FEDERAL INCOME TAX TREATMENT
For federal income tax purposes, the Portfolio is required to recognize as
income for each taxable year its net unrealized gains and losses on futures
contracts as of the end of the year as well as those actually realized during
the year. Any gain or loss recognized with respect to a futures contract is
considered to be 60% long term and 40% short term, without regard to the holding
period of the contract. In the case of a futures transaction classified as a
"mixed straddle," the recognition of losses may be deferred to a later taxable
year. The federal income tax treatment of gains or losses from transactions in
options on futures is unclear.
In order for the Portfolio to qualify for federal income tax treatment as a
regulated investment company, at least 90% of its gross income for a taxable
year must be derived from qualifying income. Any net gain realized from the
closing out of futures contracts, for purposes of the 90% requirement, will be
qualifying income. In addition, gains realized on the sale or other disposition
of securities held for less than three months must be limited to less than 30%
of the Portfolio's annual gross income. The Tax Reform Act of 1986 added a
provision which effectively treats both positions in certain hedging
transactions as a single transaction for the purpose of the 30% requirement. The
provision provides that, in the case of any "designated hedge" increases and
decreases in the value of positions of the hedge are to be netted for the
purposes of the 30% requirement. However, in certain situations, in order to
avoid realizing a gain within a three month period, the Portfolio may be
required to defer the closing out of a contract beyond the time when it would
otherwise be advantageous to do so.
RISKS OF FUTURES CONTRACTS
Currency and other financial futures contracts prices are volatile and are
influenced, among other things, by changes in stock prices, market conditions,
prevailing interest rates and anticipation of future stock prices, market
movements or interest rate changes, all of which in turn are affected by
economic conditions, such as government fiscal and monetary policies and
actions, and national and international political and economic events.
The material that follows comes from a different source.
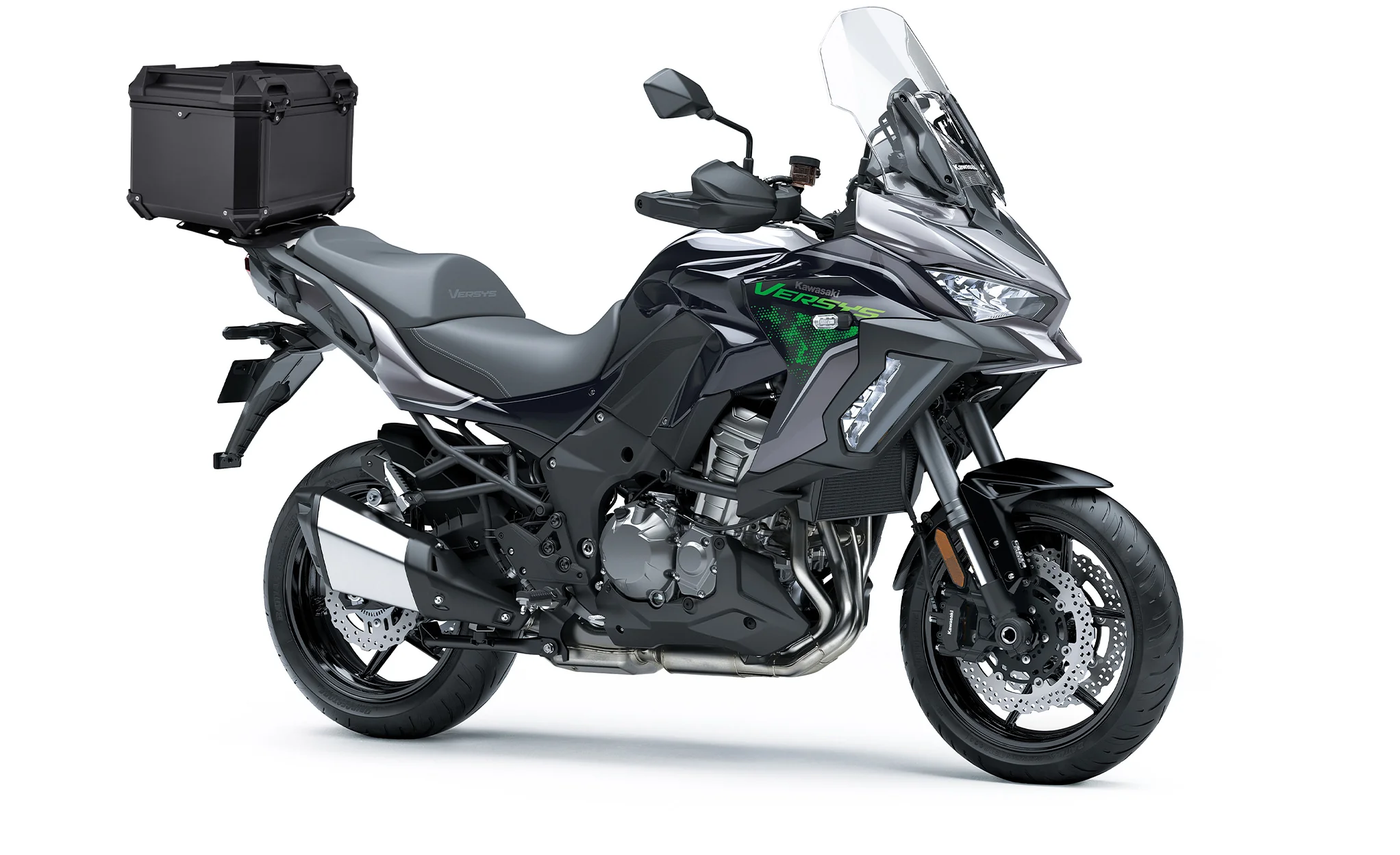 38L - Apex XL Kawasaki Versys 1000 Aluminum Top Case Black - Image 2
At best, the correlation between changes in prices of futures contracts and
of the securities being hedged can be only approximate. The degree of
imperfection of correlation depends upon circumstances, such as variations in
speculative market demand for futures contracts and for securities, including
technical influences in futures contracts trading; differences between the
securities being hedged and the financial instruments and indexes underlying the
standard futures contracts available for trading, in such respects as interest
rate levels, maturities and creditworthiness of issuers, or identities of
securities comprising the index and those in the Portfolio. In addition futures
contract transactions involve the remote risk that a party would not be able to
fulfill its obligations under the contract and that the amount of the obligation
will be beyond the ability of the clearing broker to satisfy. A decision of
whether, when and how to hedge involves the exercise of skill and judgement, and
even a well conceived hedge may be unsuccessful to some degree because of market
behavior or unexpected interest rate trends.
Because of the low margin deposits required, futures trading involves an
extremely high degree of leverage. As a result, a relatively small price
movement in a futures contract may result in immediate and substantial loss, as
well as gain, to the investor. For example, if at the time of purchase, 10% of
the value of the futures contract is deposited as margin, a 10% decrease in the
value of the futures contract would result in a total loss of the margin
deposit, before any deduction for the transaction costs, if the account were
then closed out, and a 15% decrease would result in a loss equal to 150% of the
original margin deposit. Thus, a purchase or sale of a futures contract may
result in losses in excess of the amount invested in the futures contract.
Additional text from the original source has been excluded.